§ **DATA IN THIS EXERCISE**:
────────────────

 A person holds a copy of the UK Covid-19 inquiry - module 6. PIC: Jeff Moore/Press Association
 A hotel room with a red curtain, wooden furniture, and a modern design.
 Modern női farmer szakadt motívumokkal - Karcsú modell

────────────────

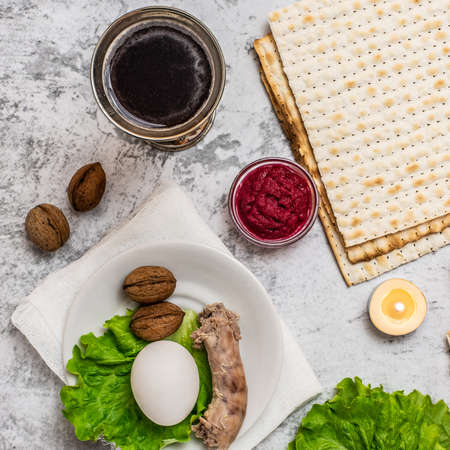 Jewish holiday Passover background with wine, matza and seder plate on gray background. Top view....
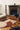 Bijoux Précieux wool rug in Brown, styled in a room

────────────────

§ **EXERCISE INSTRUCTIONS**:
Working from the records above, write out verbatim only the lines from the line containing "A person holds" through the line containing "Modern női farmer".

§ **TASK ANSWER**:
 A person holds a copy of the UK Covid-19 inquiry - module 6. PIC: Jeff Moore/Press Association
 A hotel room with a red curtain, wooden furniture, and a modern design.
 Modern női farmer szakadt motívumokkal - Karcsú modell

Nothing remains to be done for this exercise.